A week prior to their Algebra final, a group of friends decided to collect data to see whether time spent studying or time spent on social media (scrolling) had a stronger correlation with their marks on the exam. The table below is their recorded results.

Hours Studied Hours Scrolling on Social Media Exam Score
3 10 35
10 8 72
4 12 55
11 7 67
15 4 81
14 3 93
5 10 66
6 2 85
8 9 54
7 5 78
Create a scatterplot of Hours Studied versus Exam Score. (Exam Score is your Y variable, Hours Studying is your X variable)Use the technology tools to create the linear regression model for the scatterplot to put the required answers in the box below.

In the answer box below provide:

Link to your graph (USE DESMOS)
The equation for your best fit line
The correlation coefficient for your data
An explanation as to what correla

1 answer

To create a scatterplot of Hours Studied versus Exam Score and find the linear regression model, you can follow these steps:

  1. Creating the Scatterplot:

    • Use Desmos Graphing Calculator: Desmos
    • Enter your data in two separate lists or create a scatter plot directly with the coordinates:
      • (3, 35)
      • (10, 72)
      • (4, 55)
      • (11, 67)
      • (15, 81)
      • (14, 93)
      • (5, 66)
      • (6, 85)
      • (8, 54)
      • (7, 78)
  2. Finding the Linear Regression Model:

    • Use the function calculator in Desmos to find the line of best fit. The form will typically be \( y = mx + b \), where \( m \) is the slope and \( b \) is the y-intercept.
    • Based on your data, your output should give you a regression line.
  3. Calculate the Correlation Coefficient:

    • The correlation coefficient, \( r \), can also be found using the Desmos calculator, which will indicate how well the data fits the regression line.

Example Output

  1. Link to Graph: You can generate your specific link using Desmos (as I can't do that, just follow the steps above).
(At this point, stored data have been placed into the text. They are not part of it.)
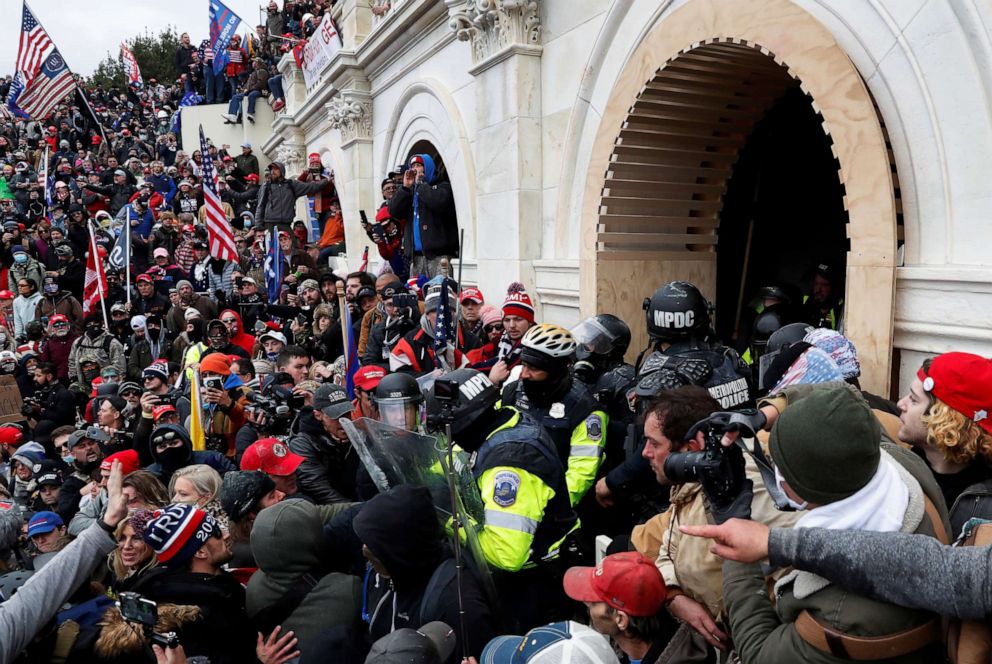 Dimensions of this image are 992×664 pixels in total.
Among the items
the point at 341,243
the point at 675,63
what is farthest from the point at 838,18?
the point at 341,243

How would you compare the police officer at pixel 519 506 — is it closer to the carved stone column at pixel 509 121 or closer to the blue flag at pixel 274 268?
the carved stone column at pixel 509 121

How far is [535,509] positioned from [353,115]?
1033cm

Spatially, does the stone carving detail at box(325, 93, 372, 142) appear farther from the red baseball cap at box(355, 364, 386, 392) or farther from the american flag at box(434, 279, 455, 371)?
the red baseball cap at box(355, 364, 386, 392)

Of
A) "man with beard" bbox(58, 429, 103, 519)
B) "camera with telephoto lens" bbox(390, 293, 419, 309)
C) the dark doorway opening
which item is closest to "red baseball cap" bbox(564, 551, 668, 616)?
"man with beard" bbox(58, 429, 103, 519)

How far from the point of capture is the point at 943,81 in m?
3.18

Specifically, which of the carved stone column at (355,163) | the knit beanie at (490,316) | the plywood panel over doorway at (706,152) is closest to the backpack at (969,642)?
the plywood panel over doorway at (706,152)

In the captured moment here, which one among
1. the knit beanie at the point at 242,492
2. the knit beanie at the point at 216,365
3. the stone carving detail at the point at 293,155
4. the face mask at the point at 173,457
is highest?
the stone carving detail at the point at 293,155

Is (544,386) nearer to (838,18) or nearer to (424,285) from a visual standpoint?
(838,18)

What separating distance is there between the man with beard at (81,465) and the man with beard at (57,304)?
21.2ft

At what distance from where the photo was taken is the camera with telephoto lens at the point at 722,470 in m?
1.86

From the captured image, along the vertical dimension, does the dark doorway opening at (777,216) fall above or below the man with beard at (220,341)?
above

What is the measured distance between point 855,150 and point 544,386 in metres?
2.03

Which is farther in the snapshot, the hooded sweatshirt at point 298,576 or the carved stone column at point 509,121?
the carved stone column at point 509,121

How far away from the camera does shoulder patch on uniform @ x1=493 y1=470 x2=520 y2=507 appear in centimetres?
240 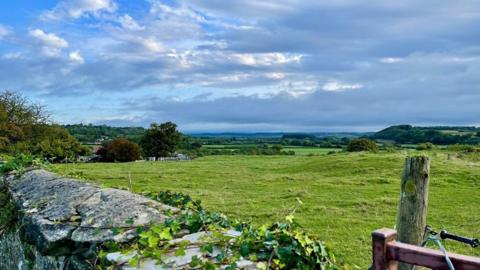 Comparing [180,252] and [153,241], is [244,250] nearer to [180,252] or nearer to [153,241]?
[180,252]

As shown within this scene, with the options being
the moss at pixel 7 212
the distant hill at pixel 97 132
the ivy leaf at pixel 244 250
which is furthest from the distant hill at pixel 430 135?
the ivy leaf at pixel 244 250

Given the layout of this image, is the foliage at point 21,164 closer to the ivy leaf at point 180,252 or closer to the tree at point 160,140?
the ivy leaf at point 180,252

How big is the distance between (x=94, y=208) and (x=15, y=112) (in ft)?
130

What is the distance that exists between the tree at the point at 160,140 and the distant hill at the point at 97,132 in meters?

  2. Equation for the Best Fit Line:

    • Assume you obtained a best-fit line like \( y = mx + b \). You'll replace \( m \) and \( b \) from your output.
    • Example: \( y = 3.75x + 32.5 \) (this is a hypothetical example).
  3. Correlation Coefficient:

    • Assume you calculated \( r = 0.85 \) (again, replace this with your actual value).
  4. Explanation of Correlation:

    • The correlation coefficient \( r \) measures the strength and direction of a linear relationship between two variables. In this case, a correlation coefficient close to 1 indicates a strong positive correlation, meaning that as the number of hours studied increases, the exam scores also tend to increase. This suggests that time spent studying is positively associated with higher exam scores among this group of friends.

You can replace the example numbers with the actual numbers from your calculations after running the analysis in Desmos.